How to create a Btree Index in Postgres

To create a Btree index in postgres, you can use the CREATE INDEX command with the USING BTREE clause. But, since btree is the default index method in postgres, the USING BTREE clause is optional. Here's an example of creating a Btree index on a column in a table:

CREATE INDEX index_name ON table_name(column_name);

When to use a Btree Index

Btree indexes are well-suited for a wide range of query patterns, including:

  • Operators: the PostgreSQL query planner will consider using a B-tree index whenever an indexed column is involved in a comparison using one of these operators: < <= = >= >

  • Range queries: Btree indexes are efficient for queries that filter rows based on range conditions.

  • Sorting: Btree indexes are efficient for queries that require sorting the results based on the indexed column.

  • Grouping: Btree indexes are efficient for queries that group the results based on the indexed column.

  • Unique constraints: Btree indexes can be used to enforce unique constraints on a column.

  • Partial indexes: Btree indexes can be used to create partial indexes that index only a subset of the rows in a table.

  • Multicolumn indexes: Btree indexes can be used to create multicolumn indexes that index multiple columns together.

  • Index-only scans: Btree indexes can be used to perform index-only scans, where all the required data is available in the index itself.

  • Covering indexes: Btree indexes can be used as covering indexes to avoid fetching data from the table.

When NOT to use a Btree Index

While Btree indexes are versatile and efficient for many use cases, there are scenarios where other index types might be more suitable.
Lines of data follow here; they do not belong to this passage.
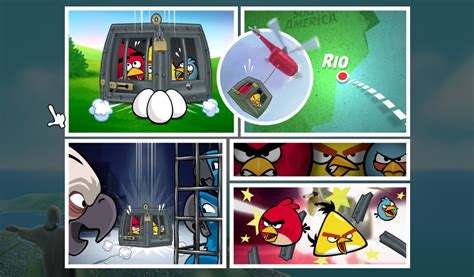 Image - Rio cutscene.jpg | Angry Birds Wiki | Fandom powered by Wikia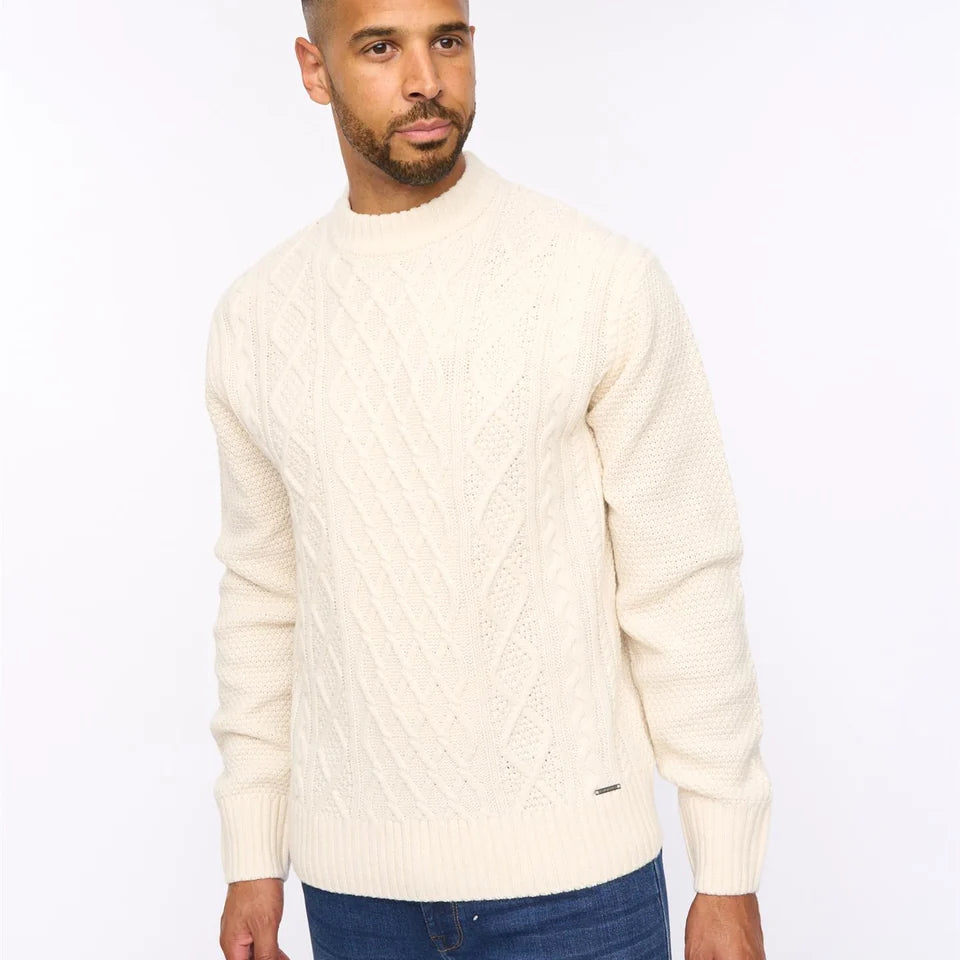 Bewley & Ritch Brocksten Knit - Light Stone
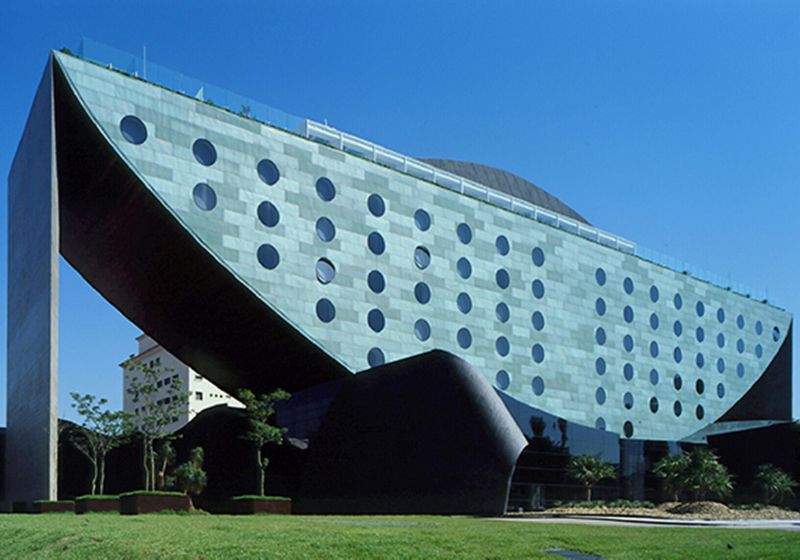 O hotel Unique em São Paulo está no ranking dos melhores hotéis do mundo, com outros 7 brasileiros que ficam em SP, RJ, Foz do Iguaçu, Trancoso e Icaraí de Amontada, no Ceará. - Foto: divulgação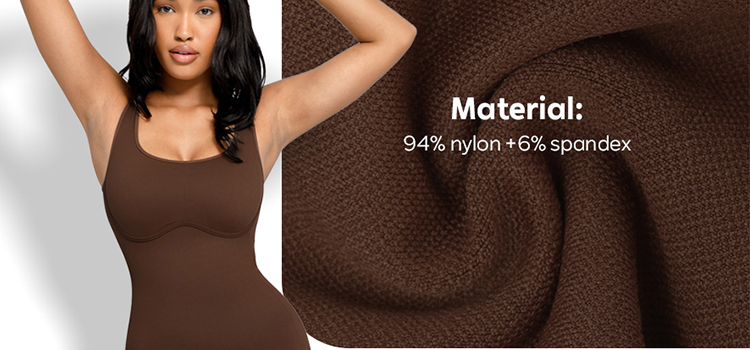 Summer Knitted High Elastic Women Sleeveless Tight Clothing One Piece Rompers Jumpsuit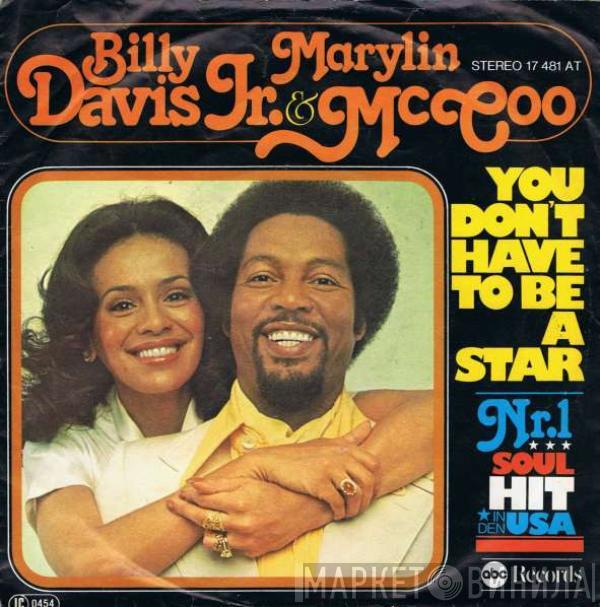 Marilyn McCoo & Billy Davis Jr. - You Don't Have To Be A Star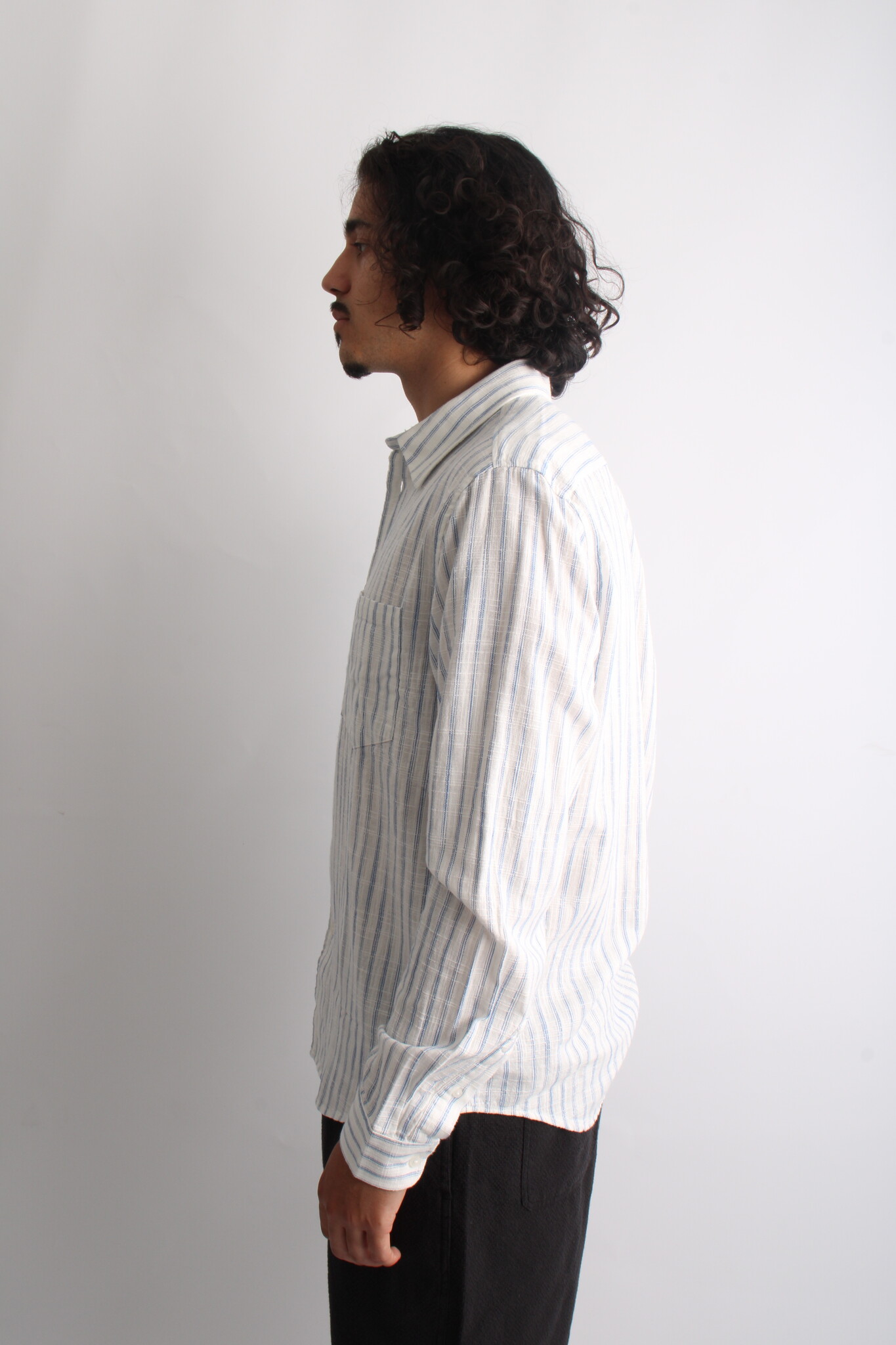 Samsoe Samsoe Men Liam Striped Shirt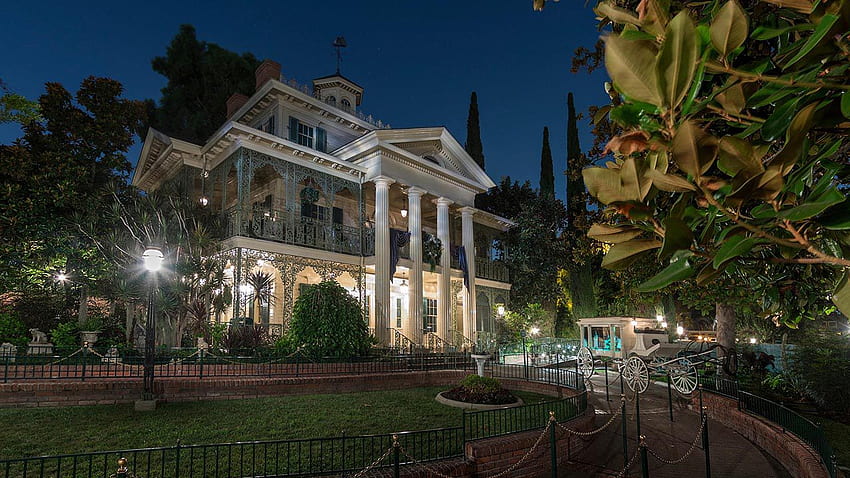 Today in Disney History: Haunted Mansion Opened at Disneyland Park in 1969. Disney Parks Blog HD wallpaper
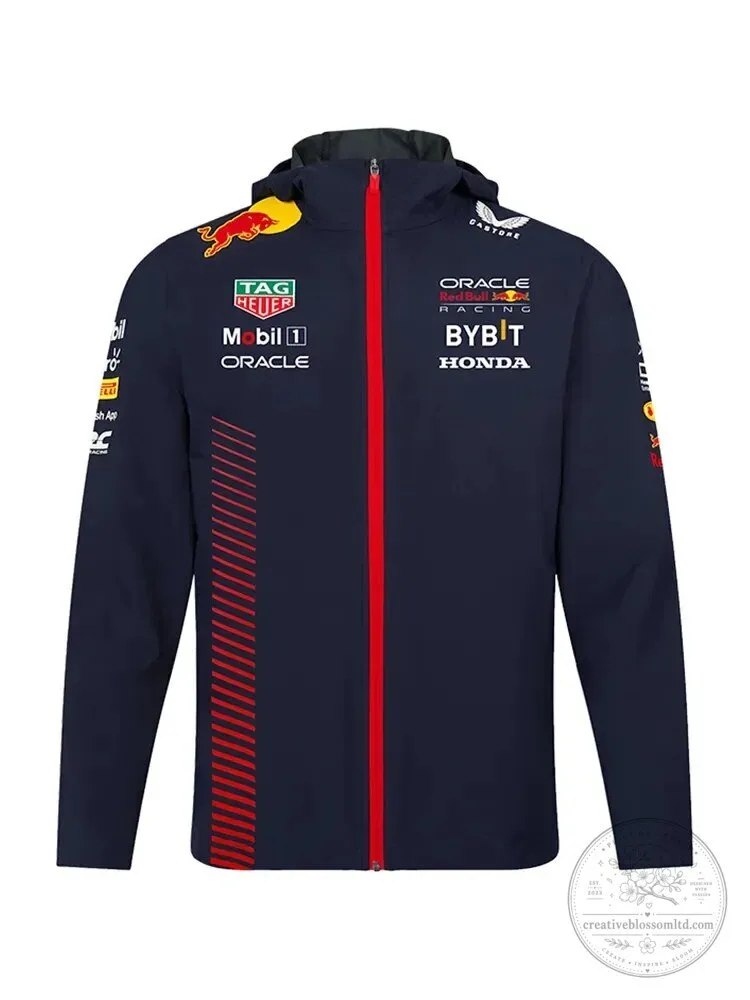 Red Bull Racing Formula 1 Team Oracle Honda Sponsor Logo Jacket
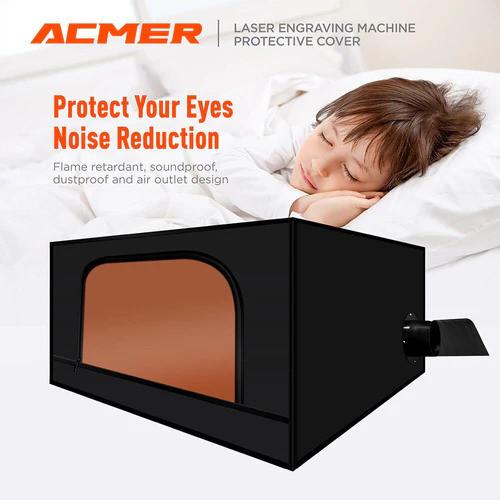 Eyes Protection Laser Enclosure Box Noise Reduction RoHS Certified
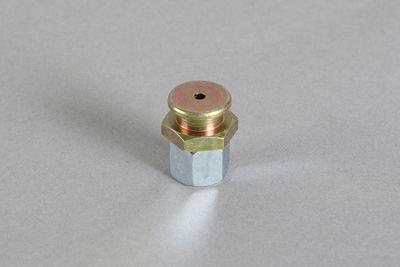 ND-Flachkopfnippel Innengewinde M10x1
Here are some cases where you might not want to use a Btree index:

  • Full-text search: Btree indexes are not well-suited for full-text search queries. Consider using a GIN or GIST index for full-text search.

  • Spatial data: Btree indexes are not well-suited for spatial data queries. Consider using a GIST or SP-GIST index for spatial data.

  • JSON data types: Btree indexes are not well-suited for queries involving JSON data types. Consider using a GIN or GiST index for JSON data types.

  • Array data types: Btree indexes are not well-suited for queries involving array data types. Consider using a GIN or GiST index for array data types.

  • Pattern matching: Btree indexes are not well-suited for queries involving pattern matching using LIKE or ILIKE operators. Consider using a trigram index for pattern matching.

  • Naturally ordered high cardinality data: Btree indexes are not well-suited for columns with high cardinality (many distinct values). Consider using a BRIN index for columns with high cardinality.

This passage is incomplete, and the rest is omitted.